Similar problem (just with 6303 words), it is super annoying to not be able to get the difference of the desired outcome to see what the exact sepcification is.

The answer turned out to be: They consider a “word” whatever string of characters only consists of what pythons re \w considers a wordcharacter. Therefore literary contractions (if you look at the text, things like “deceiv’d” or “suggest’d”) are counted as two words (‘suggest’ and ‘d’).

If you don’t use the path they foresee for the implementation as hinted by in the hints (never explicitly stated), you are probably doomed to run into unnecessary problems.

Thank you! I definitely agree that it would help to be able to see the difference.

Thanks Ketzu ! Indeed, if there is a specific definition for what defines a word, the requirements should be elaborated specifically. I would have never guessed that.

Assume numbers (eg. page number) is ‘word’ as well. So far, process_data() is the worst defined exercise :-/ I’ve done it in 5 minutes and than spent 1.5 hour to “try&guess” correct pattern…

Unittest doesn’t help. It check only 10 first/last words. It doesn’t help, I’ve obtained many different combination with splitting words along “'”, “-”, numbers, etc… to find magic 6116 unique words :wink:

most hatefull assigment. Why should I be expert in re? And I still can’t guess what to use. This is part of my code and I still get 6030 unique words.

with open(file_name, encoding="utf-8") as f:
    for line in f.readlines():
   #  line = re.sub(r'[^\w\s]', '', line)
        for word in line.split():
            word = word.lower()
            word = re.findall(r'\w+', word)
            if word:
                if word[0] not in words:
                    print(word[0])
                    words.append(word[0])

Help me anybody, because I can go off the rails soon.

at least this craziness ended.

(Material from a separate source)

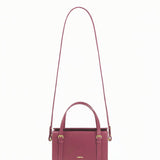 Belmondo Mini Plum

You should use something like this
with open(file_name, encoding=“utf-8”) as f:
for word in re.findall(r’\w+', f.read()):

1 Like

I also had 6457 when I tried to read the file, process the data, and then append to the list (at which point I came to this page, but didn’t find it too helpful).

When I took a step back and followed the directions in the block and the detailed hints more directly, I had it working as they expect almost immediately. The only change I made was that I only brought things to lower case once.

You find additional hints on how to implement it in the lab “building_the_vocabulary_model”, including information on how to read the data and implement the re.findall function correctly. Highly utile if stuck.